Records for the exercise —
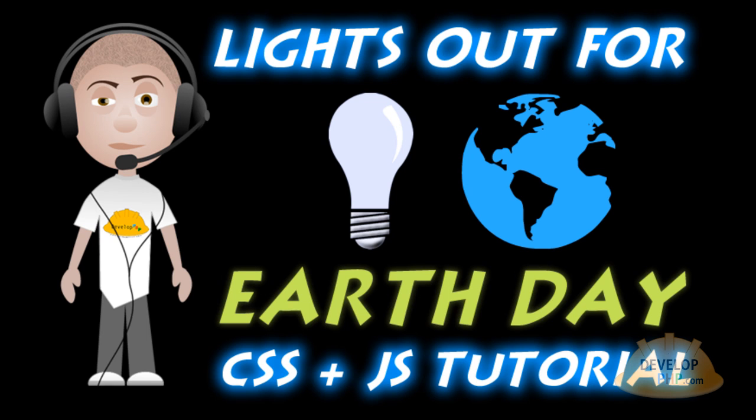Hey, we will now bring the overlay and page darkening series of videos to a beautiful crescendo of dorkiness by demonstrating how to build an application like YouTube's Lights Out for Earth Day.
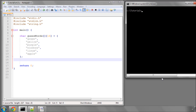Hello and welcome to part 13 in this tutorial series on Programming in C. In this part we're going to start developing a text or console based Hangman game. I thought it might be a bit of fun rather than learning something new in this video, to use what we've learned so far to make a little game.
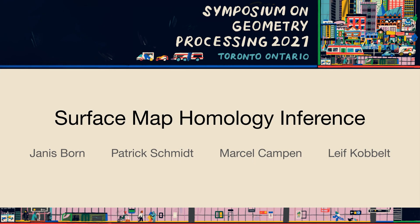We present Surface Map Homology Inference. I am Johannes Born and this is a collaboration with Patrick Schmidt and Leif Kobbild from RWTH Aachen and Marcel Kampen from Osnabrück University.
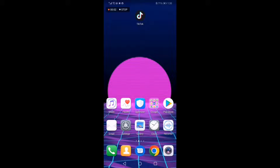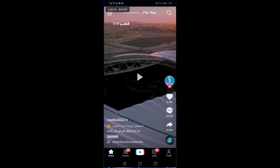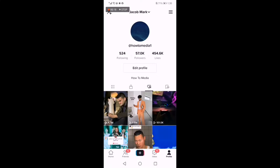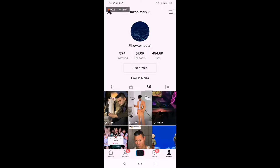How to share your TikTok profile QR code to WhatsApp. Hello guys, so all you have to do is simple. First, go to TikTok — this is the explore page as you can see. Now go to your profile right here and then click on those three lines in the top corner.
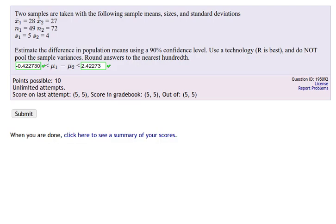In this video we're going to work through the solution of a difference of two means problem.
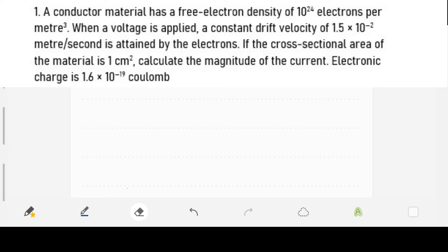Hello guys, today we'll be looking at how to calculate the magnitude of current. The question goes like this: a conductor material has a free electron density of 10 raised to power 24 electrons per meter cube. When a voltage is applied, a constant drift velocity of 1.5 times 10 raised to the power of minus 2 meters per second is attained by the electrons. The cross-sectional area of the material is 1 centimeter square. Calculate the magnitude of the current. The electronic charge is given as 1.6 times 10 raised to power minus 19 coulombs.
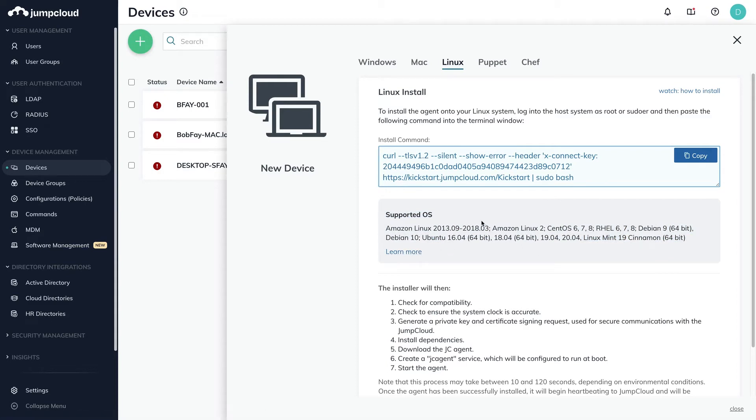By installing the JumpCloud agent, you'll have the ability to take over pre-existing local user accounts or provision new local user accounts within JumpCloud, thus enforcing a user's JumpCloud password on their Linux device and associated local Linux user account.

Required work —
Pictures stay out. Print the lines of the records above exactly, from the first through the one with "Hello guys, today".

Exercise result —
Hey, we will now bring the overlay and page darkening series of videos to a beautiful crescendo of dorkiness by demonstrating how to build an application like YouTube's Lights Out for Earth Day.
Hello and welcome to part 13 in this tutorial series on Programming in C. In this part we're going to start developing a text or console based Hangman game. I thought it might be a bit of fun rather than learning something new in this video, to use what we've learned so far to make a little game.
We present Surface Map Homology Inference. I am Johannes Born and this is a collaboration with Patrick Schmidt and Leif Kobbild from RWTH Aachen and Marcel Kampen from Osnabrück University.
How to share your TikTok profile QR code to WhatsApp. Hello guys, so all you have to do is simple. First, go to TikTok — this is the explore page as you can see. Now go to your profile right here and then click on those three lines in the top corner.
In this video we're going to work through the solution of a difference of two means problem.
Hello guys, today we'll be looking at how to calculate the magnitude of current. The question goes like this: a conductor material has a free electron density of 10 raised to power 24 electrons per meter cube. When a voltage is applied, a constant drift velocity of 1.5 times 10 raised to the power of minus 2 meters per second is attained by the electrons. The cross-sectional area of the material is 1 centimeter square. Calculate the magnitude of the current. The electronic charge is given as 1.6 times 10 raised to power minus 19 coulombs.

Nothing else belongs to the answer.